Once you find the line containing "1 Roll Handmade" in the data below, copy it and each following line exactly, up to and including the line containing "Navy Blue Unisex", and nothing else.

╭─ Given records

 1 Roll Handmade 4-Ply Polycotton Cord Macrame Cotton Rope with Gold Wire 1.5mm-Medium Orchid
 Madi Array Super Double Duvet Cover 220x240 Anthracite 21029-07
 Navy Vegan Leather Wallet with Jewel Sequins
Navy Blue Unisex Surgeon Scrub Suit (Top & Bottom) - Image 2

╰─
╭─ Given records

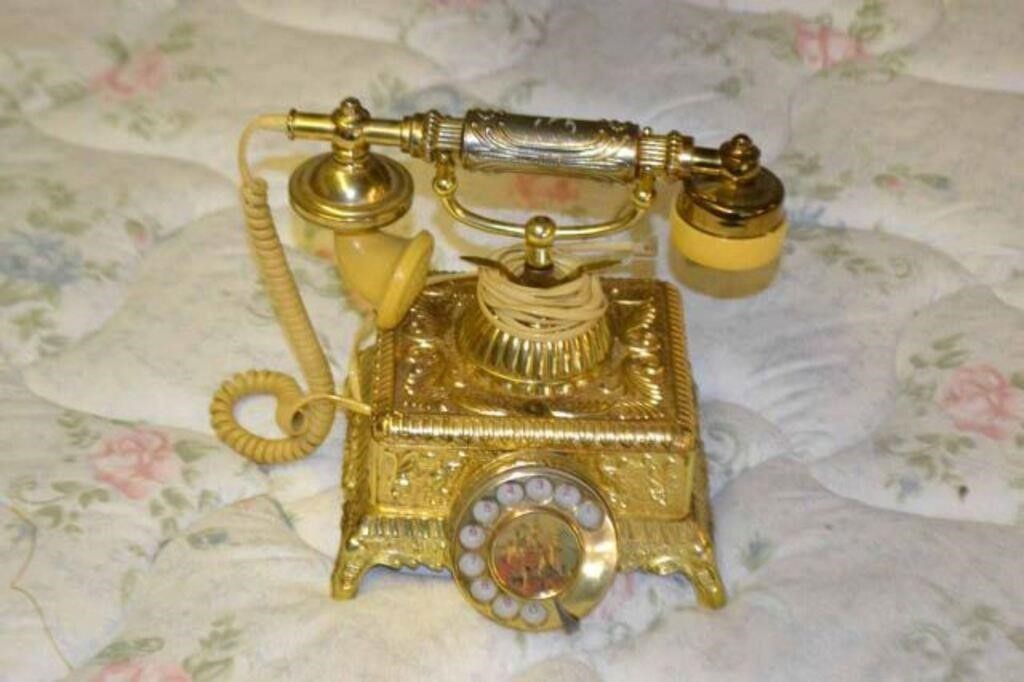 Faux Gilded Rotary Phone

╰─

## [Exercise output]
 1 Roll Handmade 4-Ply Polycotton Cord Macrame Cotton Rope with Gold Wire 1.5mm-Medium Orchid
 Madi Array Super Double Duvet Cover 220x240 Anthracite 21029-07
 Navy Vegan Leather Wallet with Jewel Sequins
Navy Blue Unisex Surgeon Scrub Suit (Top & Bottom) - Image 2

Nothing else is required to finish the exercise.